Vending plays an important role in the lives of many consumers, and while the perception of vending as a less-than-premium venue restricts’ operators ability to raise prices, consumers are overall satisfied with their vending experiences. What many consumers need is more captivating reasons to visit the vending machines, which are much less exciting than other shopping options.
New products, equipment and technology have given the vending industry the means to meet new customer demands, but operators have been reluctant to make the necessary investment. The current recession has exacerbated the situation.
The vending industry’s resistance to change is self fulfilling.
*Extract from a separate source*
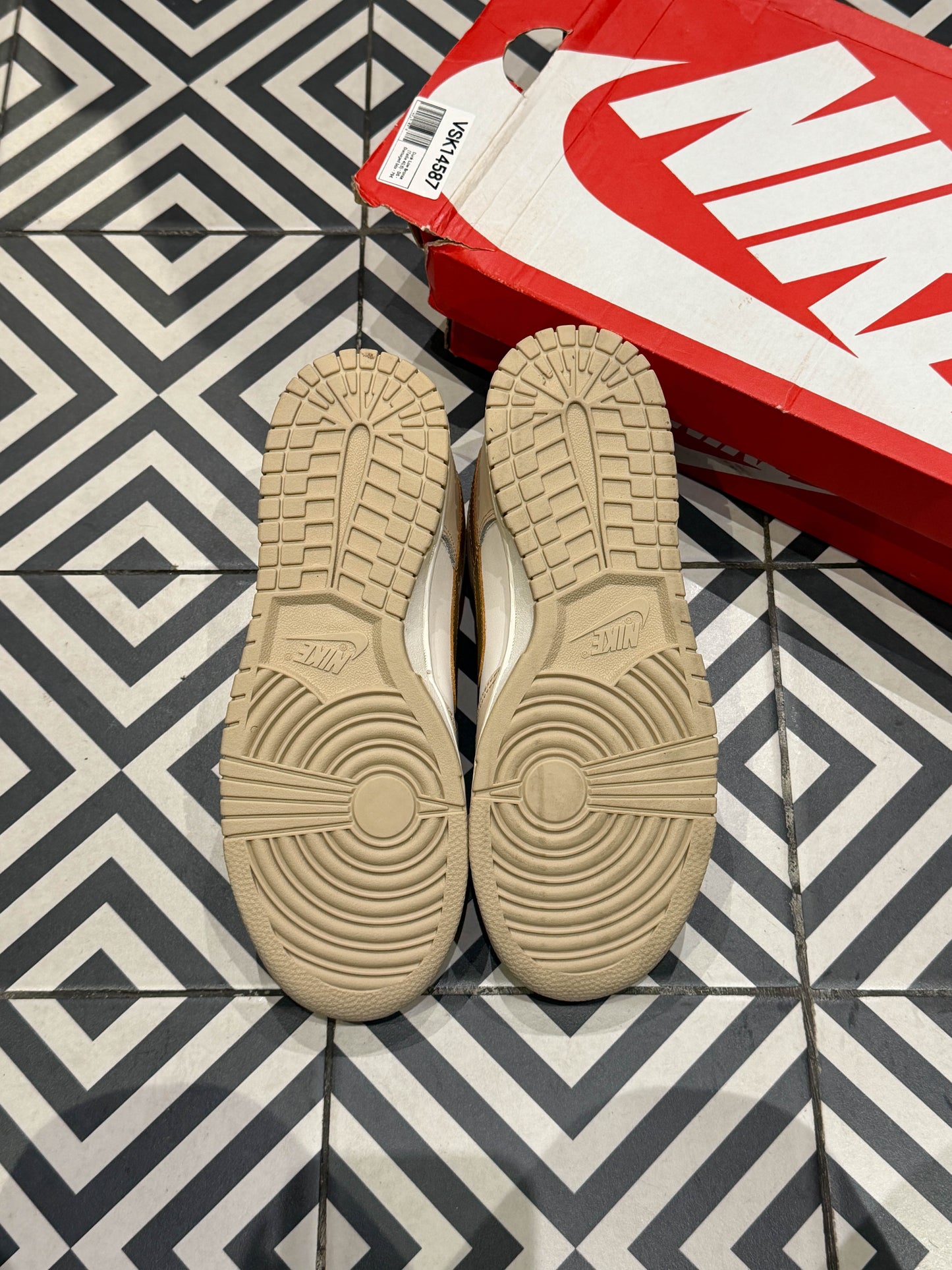 Dunk Low Bronze (Taille 40,5)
Some technological innovations that would make vending more exciting — like interactive video screens, card readers and coupon dispensers — require high upfront investment.
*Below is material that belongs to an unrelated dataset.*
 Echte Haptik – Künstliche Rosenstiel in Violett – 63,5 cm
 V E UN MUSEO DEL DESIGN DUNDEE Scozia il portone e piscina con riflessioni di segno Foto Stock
More widespread use of these tools would enhance vending’s value in the minds of account decision makers, most of whom remain unaware of these capabilities and view vending primarily as a convenience for their employees.
Consumer product manufacturers could provide support for such initiatives, and some, such as Kraft Foods Inc., have already invested in new vending technologies, such as the interactive “diji touch” machine.
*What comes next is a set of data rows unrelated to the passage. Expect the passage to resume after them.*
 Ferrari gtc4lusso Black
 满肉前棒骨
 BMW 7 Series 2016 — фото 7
Customer appreciation for OCS, meanwhile, has been uniquely enhanced by the recession since it enables consumers to get their beverages free at a time when they are trying to spend less money.
This enhanced appreciation presents a new opportunity for OCS operators since it presents an added benefit to their service. Operators, however, must educate customers about the important role OCS plays in strengthening employee morale and productivity since employers, for their part, are looking to cut costs.
PART 1: CONSUMERS WANT BETTER VALUES
At the start of 2009, Automatic Merchandiser commissioned Chicago-based Leo J. Shapiro & Associates to find out how consumers view vending in light of the
recession, and how they view other retail foodservice channels. The survey consisted of phone interviews with 562 adults nationwide.
The survey found that consumers were reducing spending in all channels. Two of the key findings were:
1) There is a core of regular vending users who remain more loyal to vending than other retail channels, and
2) Consumers remain resistant to paying higher prices in vending machines.
The two findings are important to vending operators. The opportunity exists for vending operators to build those relationships with better values. This could take the form of more variety, better quality, point of sale communication and loyalty rewards programs. Such initiatives require stronger communication with customers.
The finding that consumers resist pricing in vending machines is not new to vending operators. It does remind operators they need to continue to support public relations initiatives to better educate the public about their industry. The exact message and the means to convey it remain uncertain and call for creative thinking. The national trade association is a logical entity for such an initiative.
The survey also confirmed other research in reporting that overall, consumers are satisfied with their vending experiences. Most rated the vending experience equal to or superior to a store purchase.
The survey indicated consumers would be more likely to buy more if there were price promotions.
Point of sale communication is an area where technology can help, such as coupon dispensers and interactive video touchscreens. However, traditional tools also work, such as customer newsletters, static clings, break room posters and flyers.
PART 2: WORKSITE CONSUMERS’ NEEDS ARE CHANGING
Automatic Merchandiser conducted online surveys of 1,200 consumers at work about their purchasing habits from vending machines. One of the more interesting findings of this survey was the level to which vending consumers buy “better for you” products. The survey challenges a long-held view among many vending operators that consumers do not seek “better for you” products from vending.